Prompt
Each word in the data below should be copied exactly; the images should not.

Information provided

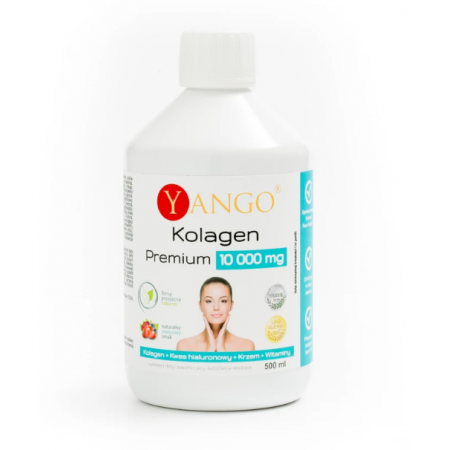 Yango - Premium Kolagen 10000mg 500ml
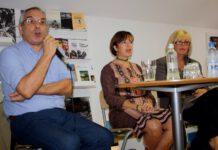 Insegnanti Calabresi parlano di Scuola al tavolo ANPI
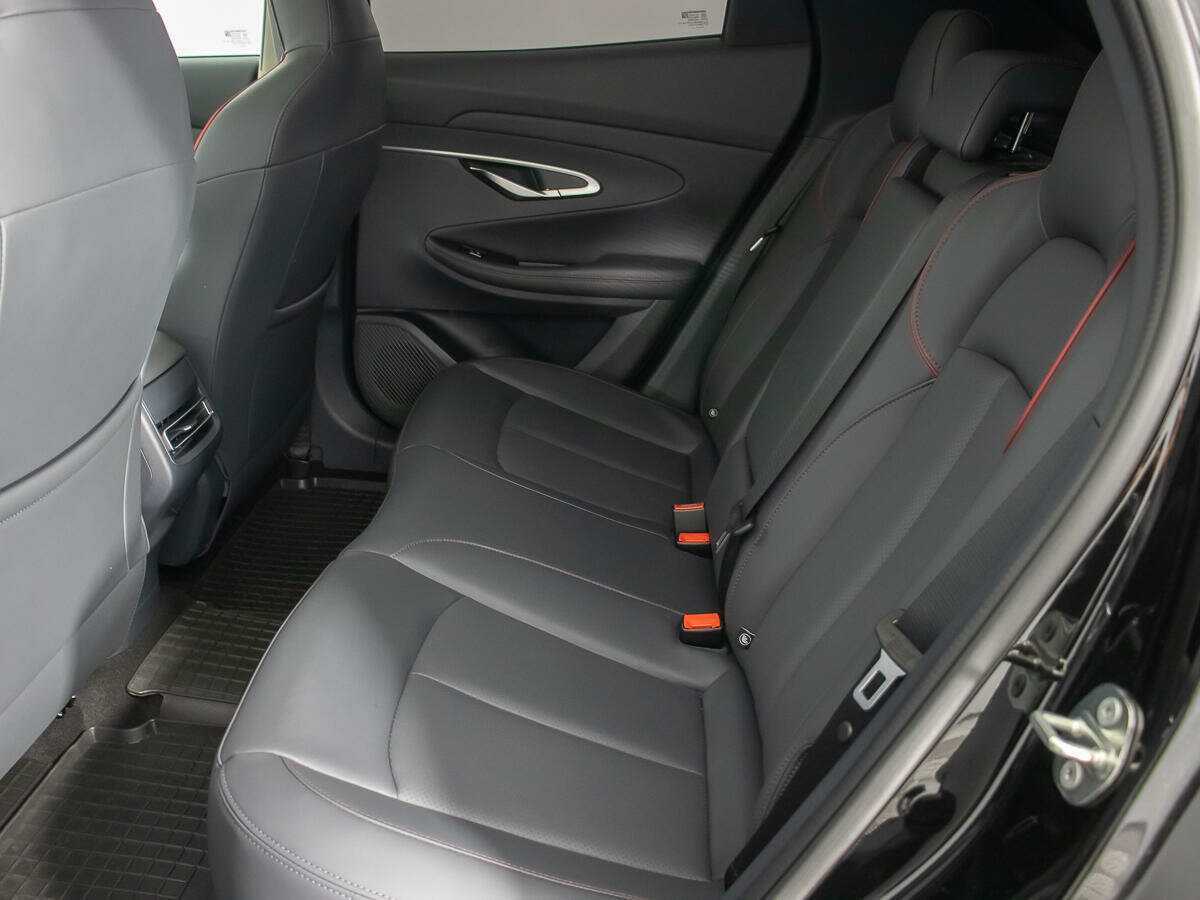 Б/У Чанган УНИ-Т 2023 года. Фото: #10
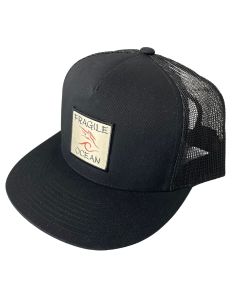 Fragile Ocean Brotherhood Hat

Answer to the problem
 Yango - Premium Kolagen 10000mg 500ml
 Insegnanti Calabresi parlano di Scuola al tavolo ANPI
 Б/У Чанган УНИ-Т 2023 года. Фото: #10
 Fragile Ocean Brotherhood Hat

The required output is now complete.